The Anaheim Market for Dry Cleaning Acquisitions

Anaheim is a dense, high-income Southern California market. At 344,553 residents and a median household income of $90,583, the demand profile for garment care services is strong. Hospitality workers, tourism-adjacent professionals, and a large suburban population all drive consistent dry cleaning demand year-round.

The local competitive set is fragmented. Most cleaners in the area are owner-operated, single-location businesses. That fragmentation is a buyer's advantage: motivated sellers, limited institutional competition, and real opportunities to improve operations post-close.

Based on Regalis Capital's analysis of recent acquisitions, dry cleaning businesses in high-income suburban markets like Anaheim tend to carry stronger recurring revenue than comparable businesses in lower-income zip codes, largely due to steady commercial linen and uniform accounts.

How Much Does a Dry Cleaner Cost in Anaheim?

As of Q1 2026, the median asking price for a dry cleaner in this market is $337,000, based on national data (California-specific volume is insufficient to generate a reliable local median). Listings range from $53,000 for distressed or equipment-only deals to $2,850,000 for multi-location operations with route businesses. The median implied multiple is 2.2x annual cash flow.

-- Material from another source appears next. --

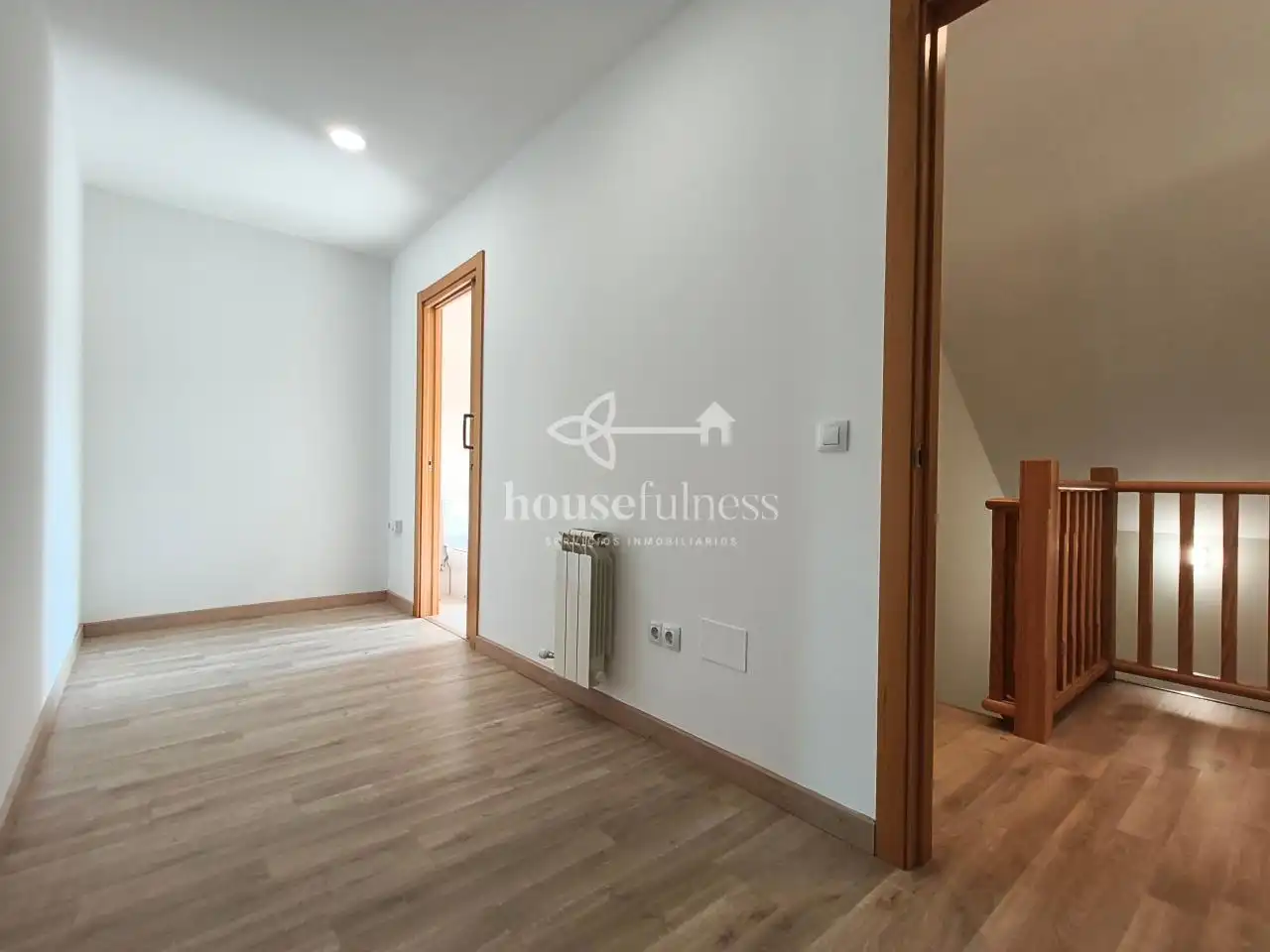Duplexes for sale in As Somozas   with Heating, Terrace and Storage room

The 2.2x multiple is genuinely attractive. The SBA 7(a) sweet spot for acquisitions sits at 3x to 5x EBITDA. Buying at 2.2x means you are getting in below market, which improves your debt service math from day one.

Median cash flow of $150,000 at a $337,000 purchase price leaves enough room to service debt comfortably, even at current SBA rates.

What Does the Deal Math Actually Look Like?

Here is a representative example based on a $337,000 acquisition at median asking price, as of Q1 2026. These are rough estimates. Actual terms depend on individual qualification and lender.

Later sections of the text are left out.